As filarmônicas também causaram impacto nas vidas das estudantes Sende Novaes, 20, Poliana Oliveira, 18, e Maria Regina Miranda, 16, mas de outra forma. As três, que fazem parte das filarmônicas das cidades de São Gabriel e Central, respectivamente, tiveram suas histórias transformadas pela prática musical. “A música fez toda a diferença na minha vida, gerou família além da família de casa”, elogiou Poliana, que toca clarinete há cinco anos na Filarmônica de São Gabriel.

Além do laço afetivo, Poliana lembrou de uma amiga que foi vítima de prostituição infantil e foi resgatada pela instituição. “Ela entrou na filarmônica e a gente conseguiu todo o apoio de psicólogo para sair dessa situação de vulnerabilidade”, revelou.“Viramos uma grande família, uma rede.
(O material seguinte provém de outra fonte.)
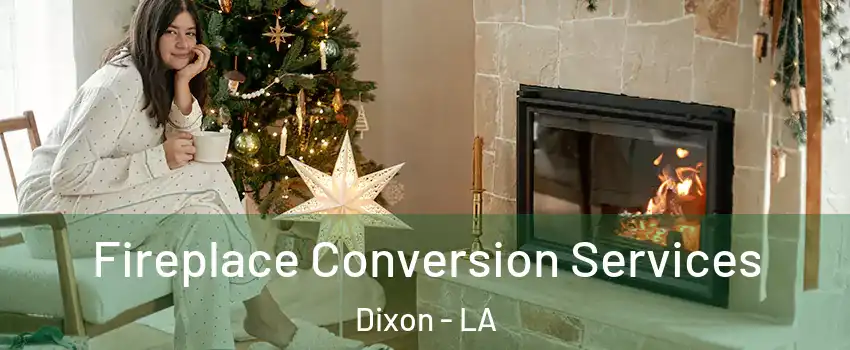 Fireplace Conversion Services Dixon - LA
Não sei o que seria da minha vida se não fosse a música. Onde eu moro tem muita violência, mas muitas crianças são abraçadas pela filarmônica e afastadas dessa vulnerabilidade”, concordou Sende. (Foto: Marina Silva/CORREIO) Diálogo Convocada pela deputada Fabíola Mansur, presidente da Comissão de Cultura da Assembleia Legislativa da Bahia, a audiência que aconteceu no Auditório Jornalista Jorge Calmon contou, ainda, com a participação da presidente da Fundação Cultural do Estado da Bahia (Funceb), Renata Dias, representante da Secretaria de Cultura da Bahia (SecultBA) e do governador Rui Costa. Além dela, o evento contou com nomes como o maestro Roberto Franco, da Filarmônica Minerva Cachoeirana, e o professor Paulo Costa Lima.
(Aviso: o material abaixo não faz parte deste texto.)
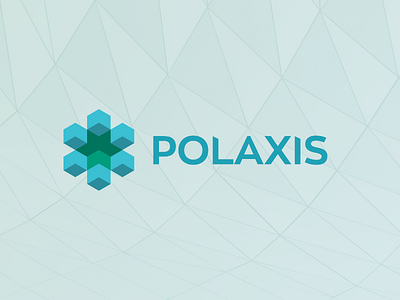 Polaxis branding design graphic logo wordmark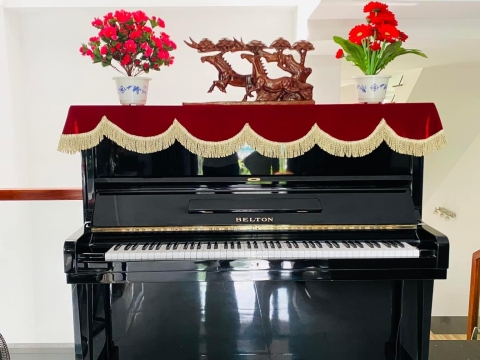 Bộ Sưu Tập Nhà Khách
Centenárias, as filarmônicas foram apontadas por Fabíola como patrimônio cultural do estado “com ações não só na área de cultura, mas na área educacional e social”.“Nós somos as vozes da população e recebemos um grito legítimo. Há que sensibilizar o governador e os prefeitos, porque é um grito de socorro. É preciso uma política radicalizada de fomento às filarmônicas”, defendeu.Em resposta à manifestação na ALB, Renata Dias ressaltou o quão complexo é o trabalho das filarmônicas e que atender às suas demandas pede uma ação conjunta com a Secretaria de Segurança Pública e a Secretaria de Justiça, Direitos Humanos e Desenvolvimento Social da Bahia.“A gente fala não só de música, mas de educação, de combate à violência e de justiça social. Precisamos dialogar com os demais entes do estado, para encontrar uma solução conjunta”, destacou Renata.A presidente da SecultBA reconheceu, ainda, a necessidade de simplificar a participação das filarmônicas nos editais públicos. “É uma saída”, disse, se comprometendo a dar continuidade a emendas específicas para as filarmônicas.
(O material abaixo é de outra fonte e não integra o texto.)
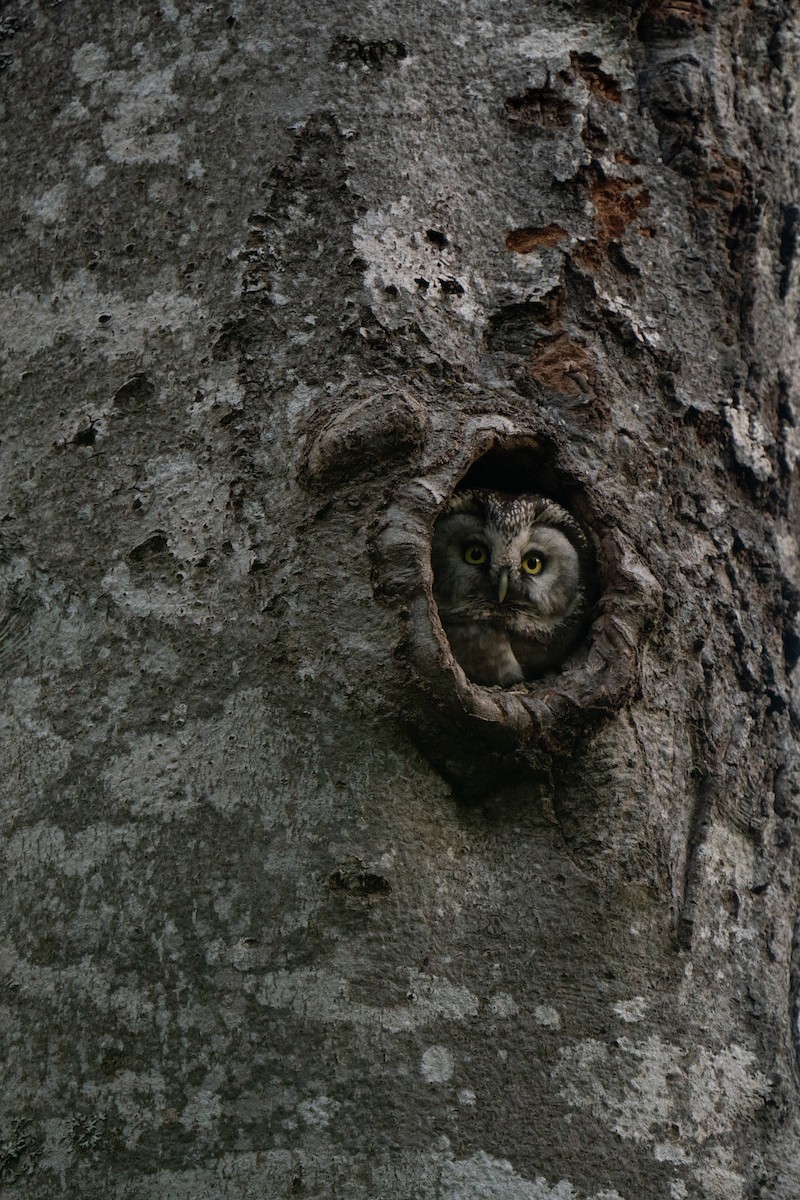 Boreal Owl - Hichem MACHOUK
Questionado sobre uma possível disputa de atenção com o Núcleo de Orquestras Infantis e Juvenis da Bahia (Neojiba), que recebe recursos do governo, o maestro Gerry ponderou. "Acho que a gente não tem que brigar pelo mesmo objetivo. Cada um faz o seu trabalho. O Neojiba tem um trabalho relevante, importante, e não critico ele, mas as filarmônicas também precisam. Hoje, temos um número aproximado de 180 filarmônicas, mas elas estão morrendo", alertou.